I'm only advertising my Company email is: swiftloans@financialsolutionsllc.org

I can assist with a loan at 3% interest. Apply today.

----------


## IanF

Hi Meyer
I see murdock has done a lot of work outing you.
Just some questions why are the loans offered in $?
I see in the profile on Howzit you are not sure of your location. Where are you based? Durban, Bedford in the eastern cape or Johannesburg?
Are you even based in South Africa?
I am willing to bet a six pack of beer that you ask for an admin fee or something similar to that before the loan is paid out. 
You can pick it up since you may be based in Jhb.

----------


## murdock

i am in a bad mood today...i start work on monday...ever heard the saying its too good to be true...whats the catch.

----------


## murdock

> Hello Everyone,
> 
> I'm only advertising my Company email is: swiftloans@financialsolutionsllc.org
> 
> I can assist with a loan at 3% interest.

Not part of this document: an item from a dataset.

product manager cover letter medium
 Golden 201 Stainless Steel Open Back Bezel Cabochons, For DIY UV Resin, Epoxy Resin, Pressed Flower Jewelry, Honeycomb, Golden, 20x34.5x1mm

Apply today.


i need a R350 000 loan to pay up all my debits including my bond because not even my bond is  that low 3 % per annum or per month?

----------


## meyer001

I offer one of the cheapest rates ever. I have a branch in the United Kingdom, Nigeria, Ghana, Cameroon E.T.C. That address is the one i used in registering in the forum. My head office is based in 121 Master man road, East ham, London, United Kingdom. I'm trying to get a license to open a office in South Africa.

@Murdock, contact me today via mail for more inquiries: swiftloans@financialsolutionsllc.org

----------


## Chrisjan B

This is another bullshit scam...

----------


## Dave A

> This is another bullshit scam...


And relocated out of finance and into scams accordingly. A special thanks to Murdock for doing the research.

Meyer, you wouldn't happen to be registered as a financial service provider here in South Africa, would you? It's a requirement if you are going to offer financial services in these parts.

----------